Use the plotSpatialFeature() function to visualize the cell segmentation mask, colored by cell area, and the nuclei segmentation mask, colored by nucleus area

Answer

plotSpatialFeature(sfe, 
                   colGeometryName="cellSeg", 
                   features="cell_area")

plotSpatialFeature(sfe, 
                   colGeometryName="nucSeg", 
                   features="nucleus_area")

Save the object

In the Exercise 1A we used the function saveHDF5SummarizedExperiment because the count matrix of the SpatialExperiment object is stored on-disk for efficiency.
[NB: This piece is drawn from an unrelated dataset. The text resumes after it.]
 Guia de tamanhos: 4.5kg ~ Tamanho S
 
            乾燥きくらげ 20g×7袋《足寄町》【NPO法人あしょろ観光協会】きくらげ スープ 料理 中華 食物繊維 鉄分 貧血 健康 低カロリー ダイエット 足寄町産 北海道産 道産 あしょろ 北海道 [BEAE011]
As you could see above, the SpatialFeatureExperiment includes additional layers, and some of them are also not loaded in memory. This complicates things further and even saving the object with the saveHDF5SummarizedExperiment function does not allow to fully re-import it.

A nice way to save the object is to use the alabaster.sfe package, implementing a (language agnostic) format to represent SpatialFeatureExperiment on disk (see the ArtifactDB project). See the package vignette here.

dir.create("results/day1", showWarnings = FALSE, recursive = TRUE)

alabaster.sfe::saveObject(sfe, "results/day1/01.1b_sfe_xenium")

Clear your environment:

rm(list = ls())
gc()
.rs.restartR()

Important

Key Takeaways:

SpatialFeatureExperiment is useful for geometry-rich spatial data.
Xenium observations are cell-resolved, while the Visium HD object in Exercise 1A is bin-resolved.
The P2 CRC subsets are designed to be comparable in course scope and approximate tissue region, not identical at cell level.